Use XXXX or fewer Xs if the size of the field is less than four characters for the string data type (nchar, ntext, nvarchar)

Use a zero value for numeric data types (bigint, bit, decimal, int, money, numeric, smallint, smallmoney, tinyint, float, real)

Use 01-01-1900 for data/time data types (date, datetime2, datetime, datetimeoffset, smalldatetime, time).

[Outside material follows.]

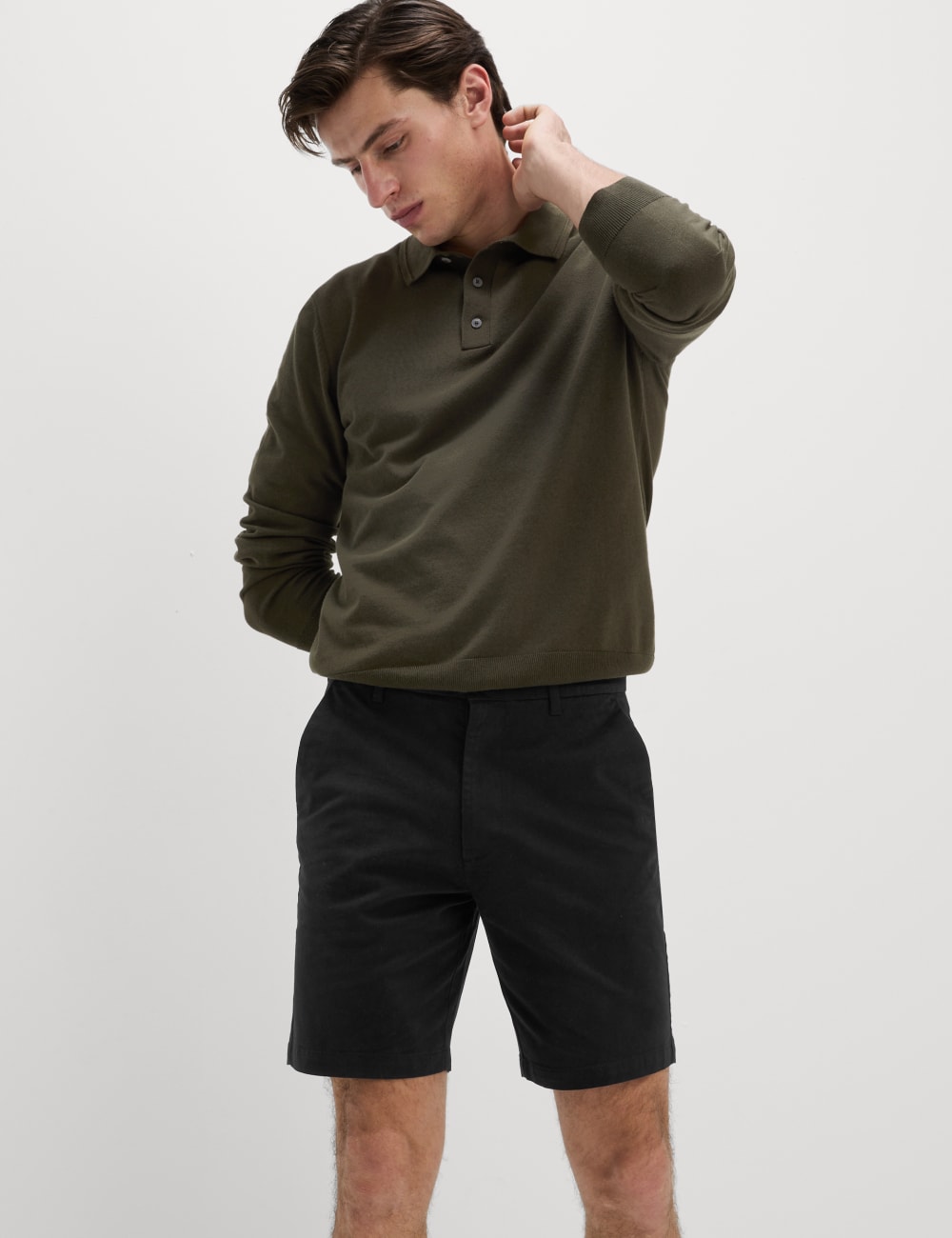

Эластичные шорты-чиносы Regular Fit Marks & Spencer, черный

For XML the document </masked> is used.

Use an empty value for particular data types (timestamp table, hierarchy id, GUID, binary, image, varbinary, spatial types)

Credit card

The masking method exposes the last four digits of the designated fields and adds a constant string as a prefix in the form of a credit card. – XXXX-XXXX-XXXX-1234

Email

The masking method exposes the first letter and replaces the domain with XXX.com using a constant string prefix in the form of an email address – aXXX@XXX.com

Random number

The masking method generates a random number according to the selected boundaries and actual data types. A masking function is a constant number if the designated boundaries are equal.

Custom text

The masking method exposes the first and last characters and adds a custom padding string in the middle. If the original string is shorter than the exposed prefix and suffix, only the padding string is used. Prefix[padding]suffix.

Business scenario

Based on the business needs and its PII sensitivity or criticality of data, the following decision tree could help to identify the right approach to be targeted.

Mask5

Summary

In the article, we have discussed how to implement data masking at various stages in the Azure data platform, starting from the source and copying/transforming to the target system. Based on the need of the client – the approach could be chosen. Each course is unique, basically, approaches one and two are suitable for non-production environments, whereas approach three could be implemented in production by using a masking feature at the database level. Approach four would be the right choice for implementing data masking in output without any data leakage starting from the source systems.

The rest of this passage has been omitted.